_ASSIGNMENT_. Look through the lines below, find those with the word "photos", and copy them.

****************

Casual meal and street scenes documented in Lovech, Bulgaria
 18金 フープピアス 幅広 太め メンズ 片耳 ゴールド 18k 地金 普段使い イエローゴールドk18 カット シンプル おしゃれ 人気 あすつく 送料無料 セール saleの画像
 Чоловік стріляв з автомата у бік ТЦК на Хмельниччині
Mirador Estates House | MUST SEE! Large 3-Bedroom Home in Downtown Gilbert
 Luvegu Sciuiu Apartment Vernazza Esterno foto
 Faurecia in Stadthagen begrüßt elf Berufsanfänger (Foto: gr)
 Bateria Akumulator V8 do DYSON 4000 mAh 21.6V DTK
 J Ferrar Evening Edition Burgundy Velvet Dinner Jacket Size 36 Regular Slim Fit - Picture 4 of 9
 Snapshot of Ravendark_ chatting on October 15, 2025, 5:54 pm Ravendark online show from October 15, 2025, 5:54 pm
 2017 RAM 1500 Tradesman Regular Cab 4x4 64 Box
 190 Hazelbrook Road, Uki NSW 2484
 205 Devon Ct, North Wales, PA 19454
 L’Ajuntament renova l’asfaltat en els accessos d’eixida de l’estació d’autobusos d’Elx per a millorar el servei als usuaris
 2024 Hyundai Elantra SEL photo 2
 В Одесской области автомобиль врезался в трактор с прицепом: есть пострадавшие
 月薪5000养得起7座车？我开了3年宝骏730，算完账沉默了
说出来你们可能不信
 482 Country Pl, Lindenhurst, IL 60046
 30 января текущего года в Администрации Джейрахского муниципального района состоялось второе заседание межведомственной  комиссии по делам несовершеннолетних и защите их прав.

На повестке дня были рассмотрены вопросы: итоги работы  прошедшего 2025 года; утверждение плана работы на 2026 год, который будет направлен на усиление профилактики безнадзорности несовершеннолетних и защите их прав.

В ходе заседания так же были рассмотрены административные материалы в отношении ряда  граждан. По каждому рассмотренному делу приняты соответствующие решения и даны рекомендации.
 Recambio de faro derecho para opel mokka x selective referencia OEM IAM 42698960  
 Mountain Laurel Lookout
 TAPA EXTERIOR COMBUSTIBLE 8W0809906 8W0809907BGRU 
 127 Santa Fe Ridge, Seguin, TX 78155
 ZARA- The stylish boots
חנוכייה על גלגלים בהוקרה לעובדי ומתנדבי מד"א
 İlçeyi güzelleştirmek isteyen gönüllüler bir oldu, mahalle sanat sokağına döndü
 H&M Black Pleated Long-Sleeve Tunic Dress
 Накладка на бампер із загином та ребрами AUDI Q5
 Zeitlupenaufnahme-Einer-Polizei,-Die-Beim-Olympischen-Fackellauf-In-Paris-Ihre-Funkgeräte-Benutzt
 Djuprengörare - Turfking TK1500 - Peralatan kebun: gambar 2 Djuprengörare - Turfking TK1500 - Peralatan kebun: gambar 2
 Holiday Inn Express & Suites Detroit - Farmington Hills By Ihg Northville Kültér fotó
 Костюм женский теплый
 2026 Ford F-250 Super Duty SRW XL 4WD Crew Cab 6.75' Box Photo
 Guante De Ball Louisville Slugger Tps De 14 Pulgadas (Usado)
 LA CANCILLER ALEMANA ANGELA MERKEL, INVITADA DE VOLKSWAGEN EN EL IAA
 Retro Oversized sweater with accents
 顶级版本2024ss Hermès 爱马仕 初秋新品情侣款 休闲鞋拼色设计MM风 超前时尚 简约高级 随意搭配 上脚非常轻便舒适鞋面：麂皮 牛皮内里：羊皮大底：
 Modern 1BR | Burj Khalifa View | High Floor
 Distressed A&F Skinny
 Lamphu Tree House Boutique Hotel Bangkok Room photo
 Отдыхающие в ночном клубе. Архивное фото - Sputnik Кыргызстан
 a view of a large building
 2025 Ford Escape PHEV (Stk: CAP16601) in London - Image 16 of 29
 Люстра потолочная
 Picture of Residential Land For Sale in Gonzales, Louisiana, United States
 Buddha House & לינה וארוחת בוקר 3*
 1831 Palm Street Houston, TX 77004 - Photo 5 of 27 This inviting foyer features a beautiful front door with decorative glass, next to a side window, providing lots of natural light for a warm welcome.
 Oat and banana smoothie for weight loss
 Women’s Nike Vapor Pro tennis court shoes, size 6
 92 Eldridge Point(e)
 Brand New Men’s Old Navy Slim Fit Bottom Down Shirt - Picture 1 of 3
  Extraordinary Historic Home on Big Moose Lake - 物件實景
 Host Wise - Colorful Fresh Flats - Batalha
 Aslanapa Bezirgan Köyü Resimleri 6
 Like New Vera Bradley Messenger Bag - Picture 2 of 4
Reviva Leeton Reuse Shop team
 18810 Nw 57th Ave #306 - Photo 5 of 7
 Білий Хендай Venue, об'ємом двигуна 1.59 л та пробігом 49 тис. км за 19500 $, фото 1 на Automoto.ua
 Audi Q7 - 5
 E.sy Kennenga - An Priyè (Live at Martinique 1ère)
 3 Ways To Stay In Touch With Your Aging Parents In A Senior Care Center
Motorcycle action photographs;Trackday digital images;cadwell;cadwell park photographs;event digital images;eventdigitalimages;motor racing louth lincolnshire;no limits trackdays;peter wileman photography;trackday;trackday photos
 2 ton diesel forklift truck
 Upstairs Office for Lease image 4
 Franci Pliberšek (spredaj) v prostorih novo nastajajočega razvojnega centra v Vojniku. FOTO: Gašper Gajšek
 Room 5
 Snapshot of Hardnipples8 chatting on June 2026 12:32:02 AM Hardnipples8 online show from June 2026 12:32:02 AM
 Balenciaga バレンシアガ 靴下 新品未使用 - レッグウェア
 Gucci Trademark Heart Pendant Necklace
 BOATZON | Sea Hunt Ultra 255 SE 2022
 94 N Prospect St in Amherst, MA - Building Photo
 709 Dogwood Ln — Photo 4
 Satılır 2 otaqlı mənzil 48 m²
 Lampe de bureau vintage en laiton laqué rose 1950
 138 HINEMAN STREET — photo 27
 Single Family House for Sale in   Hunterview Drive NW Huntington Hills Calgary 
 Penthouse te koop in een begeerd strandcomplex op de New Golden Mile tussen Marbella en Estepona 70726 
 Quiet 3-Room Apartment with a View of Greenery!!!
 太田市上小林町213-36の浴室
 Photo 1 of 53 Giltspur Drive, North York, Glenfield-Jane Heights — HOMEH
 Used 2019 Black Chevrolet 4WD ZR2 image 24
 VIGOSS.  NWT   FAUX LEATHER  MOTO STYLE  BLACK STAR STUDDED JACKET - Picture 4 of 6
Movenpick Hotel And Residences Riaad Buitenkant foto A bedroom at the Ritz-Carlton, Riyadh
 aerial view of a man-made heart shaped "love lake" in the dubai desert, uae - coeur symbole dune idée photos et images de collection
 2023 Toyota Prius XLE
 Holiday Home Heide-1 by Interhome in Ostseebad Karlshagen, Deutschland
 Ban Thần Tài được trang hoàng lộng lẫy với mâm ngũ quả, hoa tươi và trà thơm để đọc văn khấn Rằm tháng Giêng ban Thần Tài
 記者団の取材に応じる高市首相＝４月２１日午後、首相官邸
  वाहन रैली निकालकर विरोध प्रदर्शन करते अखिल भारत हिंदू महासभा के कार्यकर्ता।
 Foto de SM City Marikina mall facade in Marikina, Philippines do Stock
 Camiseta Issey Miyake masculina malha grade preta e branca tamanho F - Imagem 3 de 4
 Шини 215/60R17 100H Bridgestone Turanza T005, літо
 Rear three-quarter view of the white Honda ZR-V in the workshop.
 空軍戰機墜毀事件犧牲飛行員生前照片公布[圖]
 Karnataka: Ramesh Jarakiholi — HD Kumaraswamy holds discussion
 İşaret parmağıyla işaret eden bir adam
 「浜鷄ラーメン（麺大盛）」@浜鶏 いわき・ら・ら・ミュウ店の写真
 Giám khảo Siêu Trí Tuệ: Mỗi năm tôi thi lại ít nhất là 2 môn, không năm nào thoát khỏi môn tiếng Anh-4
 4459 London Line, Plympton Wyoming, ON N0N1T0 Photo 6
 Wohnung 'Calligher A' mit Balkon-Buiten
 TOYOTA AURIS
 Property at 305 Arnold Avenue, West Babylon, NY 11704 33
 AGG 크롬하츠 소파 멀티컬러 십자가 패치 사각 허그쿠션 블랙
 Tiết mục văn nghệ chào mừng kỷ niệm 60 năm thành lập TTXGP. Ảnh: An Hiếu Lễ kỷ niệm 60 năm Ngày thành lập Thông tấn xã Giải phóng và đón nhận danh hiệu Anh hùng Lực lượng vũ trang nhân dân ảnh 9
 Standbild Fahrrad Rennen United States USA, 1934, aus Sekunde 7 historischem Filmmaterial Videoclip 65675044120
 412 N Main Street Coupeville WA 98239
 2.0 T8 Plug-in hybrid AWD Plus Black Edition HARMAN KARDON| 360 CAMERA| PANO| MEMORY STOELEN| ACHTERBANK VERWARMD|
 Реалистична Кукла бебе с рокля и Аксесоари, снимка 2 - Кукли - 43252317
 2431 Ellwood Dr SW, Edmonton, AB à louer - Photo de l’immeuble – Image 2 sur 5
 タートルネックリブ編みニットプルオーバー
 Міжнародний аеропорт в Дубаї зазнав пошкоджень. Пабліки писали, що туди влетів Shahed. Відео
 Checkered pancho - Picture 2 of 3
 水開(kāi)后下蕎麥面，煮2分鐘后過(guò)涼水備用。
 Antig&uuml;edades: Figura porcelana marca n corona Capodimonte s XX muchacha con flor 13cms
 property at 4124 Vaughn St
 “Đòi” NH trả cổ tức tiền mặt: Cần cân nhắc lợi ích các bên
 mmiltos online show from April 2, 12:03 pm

****************

_RESULT FOR THIS EXERCISE_.
Motorcycle action photographs;Trackday digital images;cadwell;cadwell park photographs;event digital images;eventdigitalimages;motor racing louth lincolnshire;no limits trackdays;peter wileman photography;trackday;trackday photos
 aerial view of a man-made heart shaped "love lake" in the dubai desert, uae - coeur symbole dune idée photos et images de collection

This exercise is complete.